▶ **WHAT YOU WILL DO**:
Every line from the one bearing "Актрисата Латинка Петрова: На" through the last line of the records below is to be output exactly, and no other line; leave out the pictures.

▶ **PROVIDED INFORMATION**:
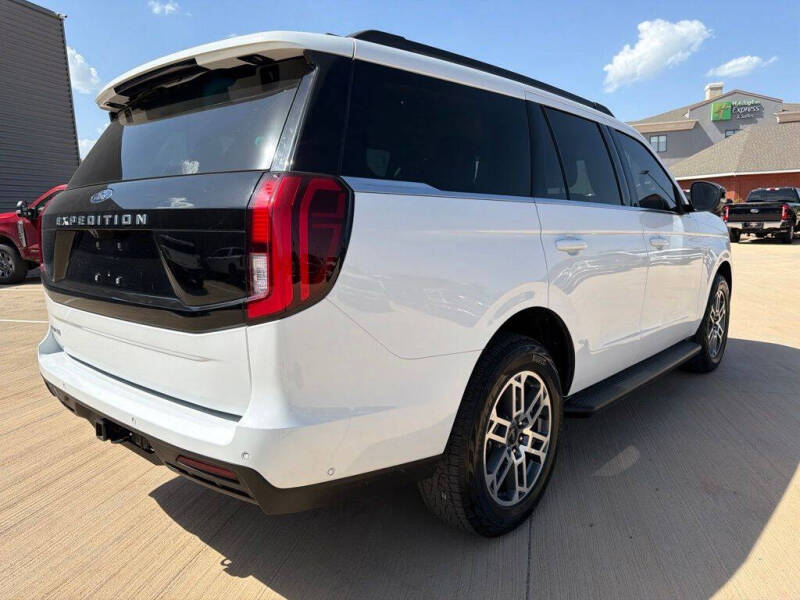 2025 Ford Expedition Active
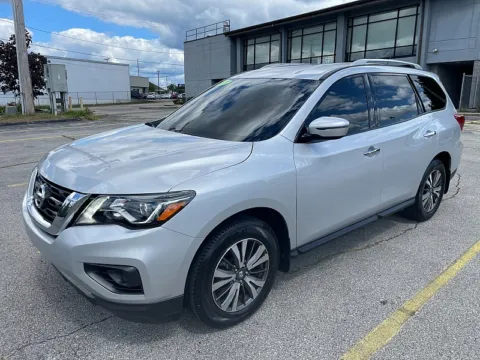 Another view of 2017 Nissan Pathfinder 4d SUV 4WD S for sale in Frankfort, KY at EZ Car Connection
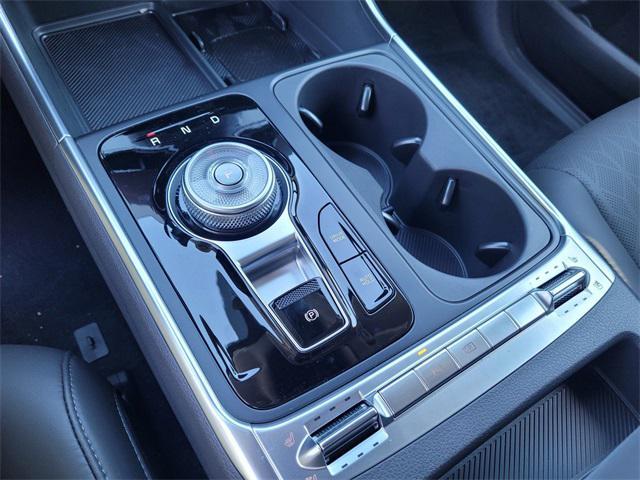 new 2025 Kia Carnival Hybrid car, priced at $52,625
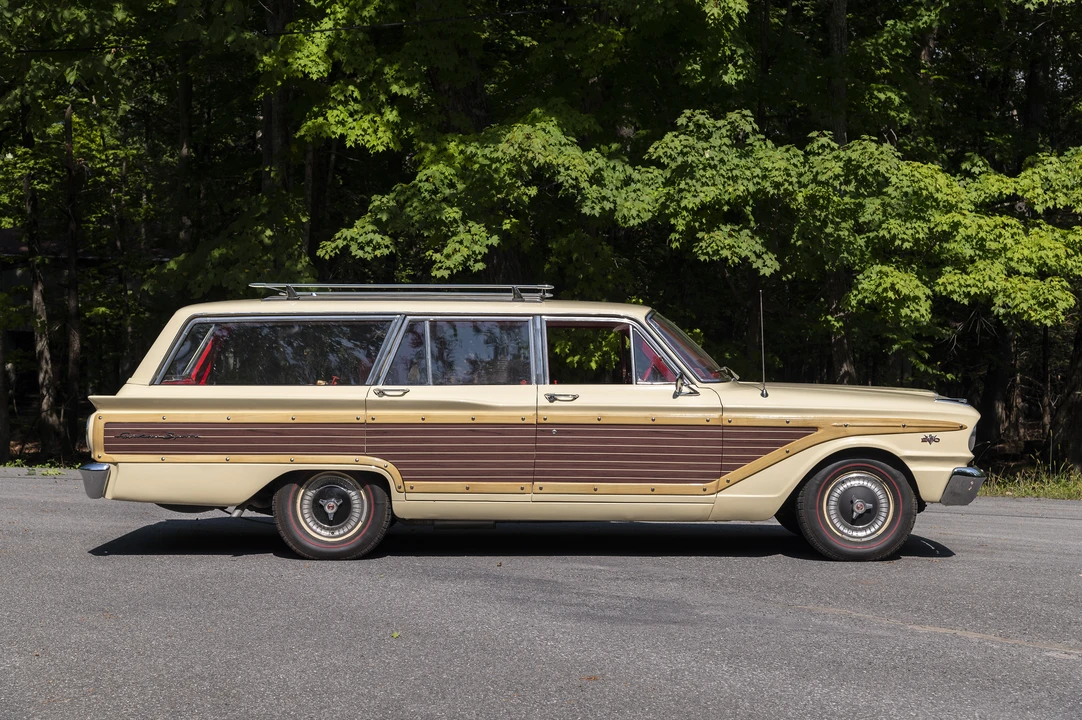 1963 Ford Country Squire - Image 9 of 31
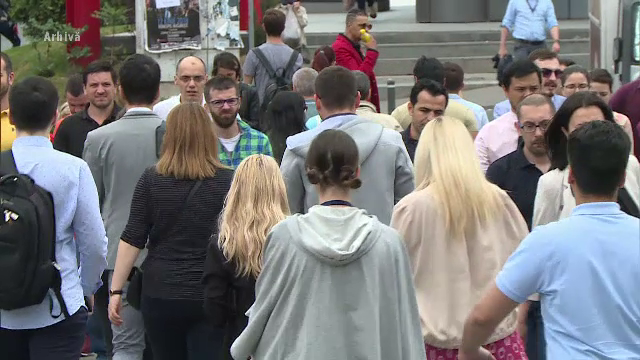 Record de plecări din ţară după OUG 13. “Să fiu al naibii dacă le plătesc taxe amnistiaţilor”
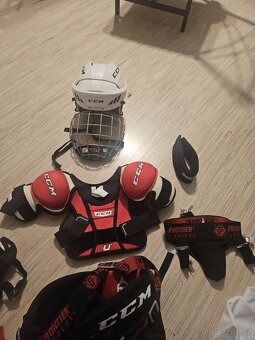 Kompletní hokejova výstroj detska velikost M. - 4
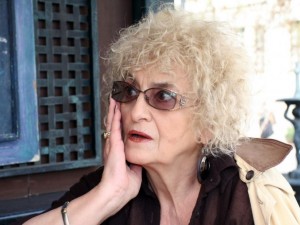 Актрисата Латинка Петрова: На бунт срещу Пеевски! Читателите да защитят вестник „Ретро“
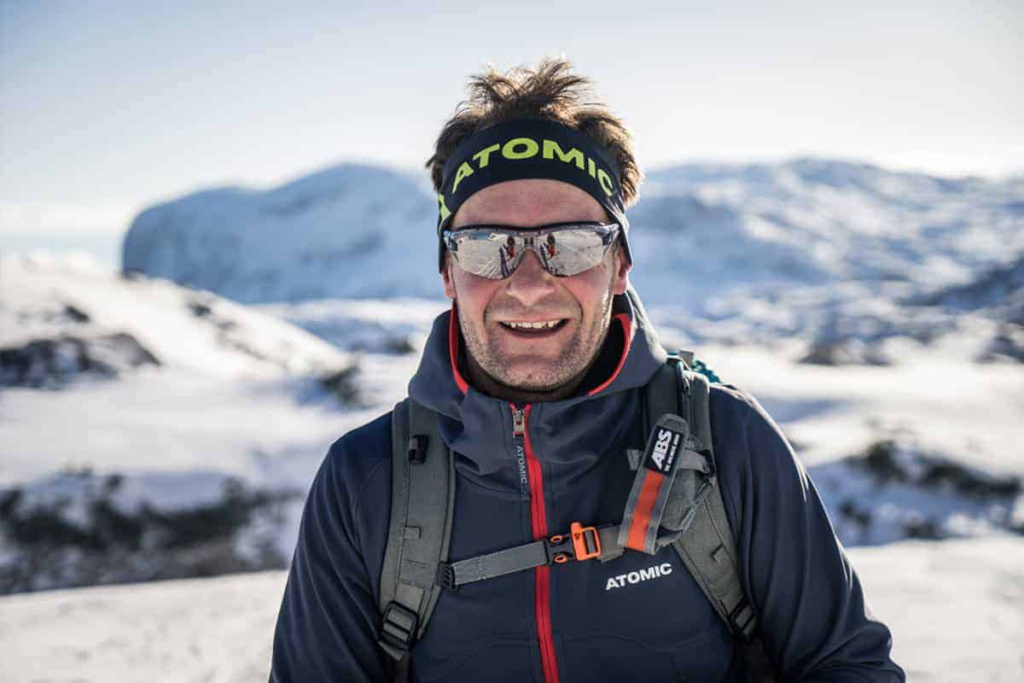 Bergführer in winterlicher Landschaft, bereit für Skitourenabenteuer in den Alpen.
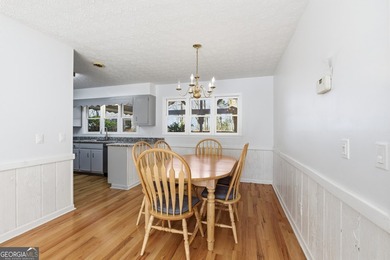 This adorable 4-bedroom, 4.5-bathroom mountain cabin is located - photo 18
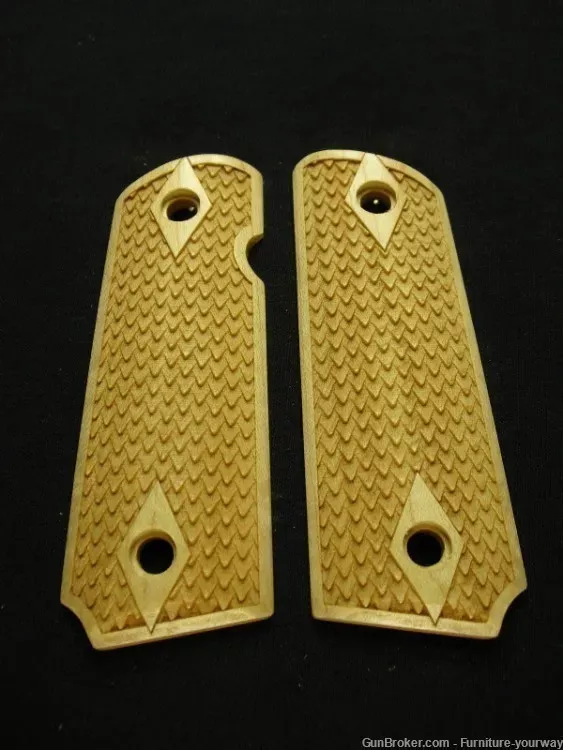 -Maple Dragon Scale COMPACT 1911 Grips Checkered Engraved Textured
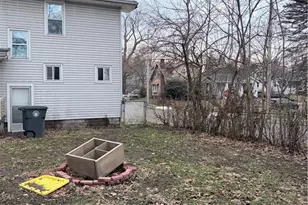 999 Avon St, Akron, OH 44310 - Photo 12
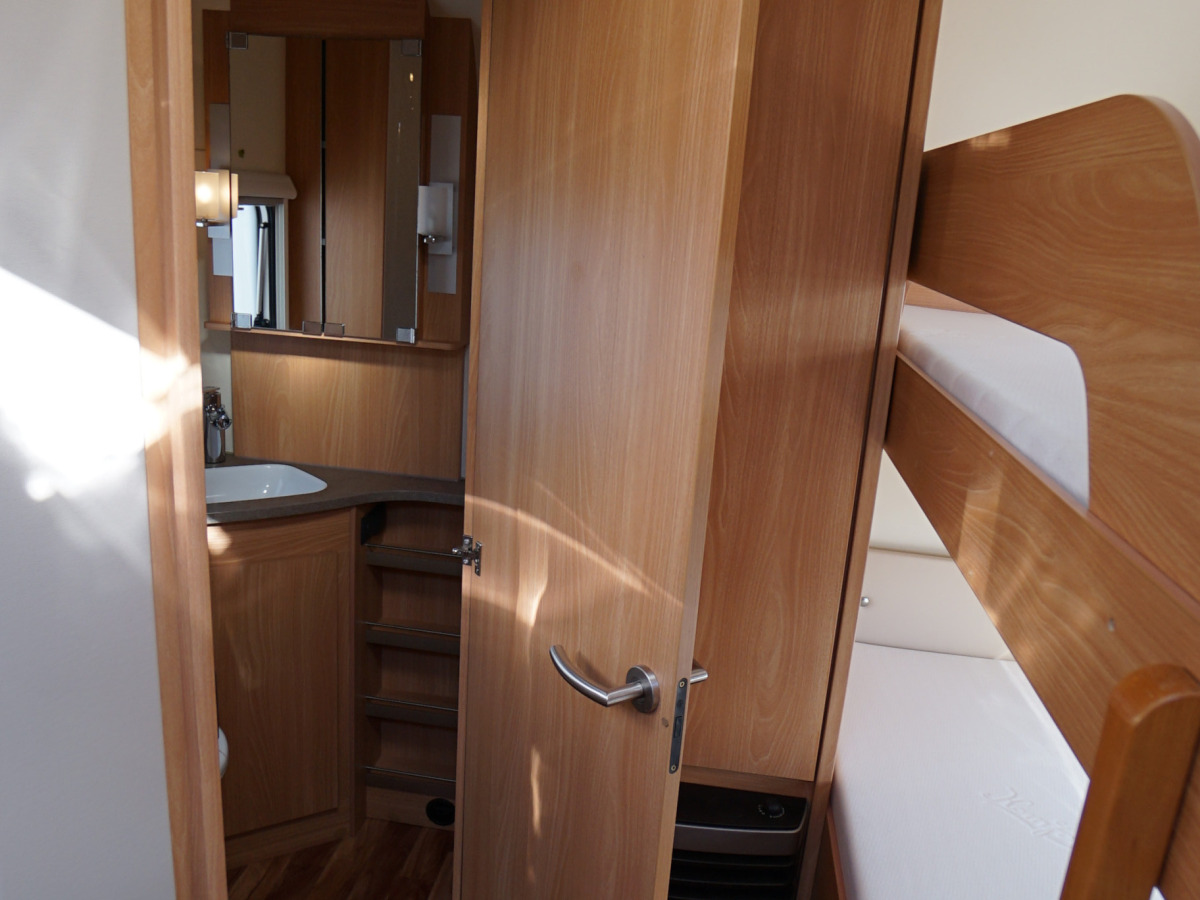 Knaus 580 QS inkl. förtält - 3.95 ränta utökad garanti, bild 15 av 17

▶ **ANSWER TO THE PROBLEM**:
 Актрисата Латинка Петрова: На бунт срещу Пеевски! Читателите да защитят вестник „Ретро“
 Bergführer in winterlicher Landschaft, bereit für Skitourenabenteuer in den Alpen.
 This adorable 4-bedroom, 4.5-bathroom mountain cabin is located - photo 18
 -Maple Dragon Scale COMPACT 1911 Grips Checkered Engraved Textured
 999 Avon St, Akron, OH 44310 - Photo 12
 Knaus 580 QS inkl. förtält - 3.95 ränta utökad garanti, bild 15 av 17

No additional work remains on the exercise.